**PROBLEM:**
Rewrite the full material exactly; no line may be skipped.

**INFORMATION SUPPLIED:**
--- START ---

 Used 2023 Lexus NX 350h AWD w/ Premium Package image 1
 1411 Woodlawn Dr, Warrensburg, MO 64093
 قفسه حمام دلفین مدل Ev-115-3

--- END ---

**WRITTEN ANSWER:**
 Used 2023 Lexus NX 350h AWD w/ Premium Package image 1
 1411 Woodlawn Dr, Warrensburg, MO 64093
 قفسه حمام دلفین مدل Ev-115-3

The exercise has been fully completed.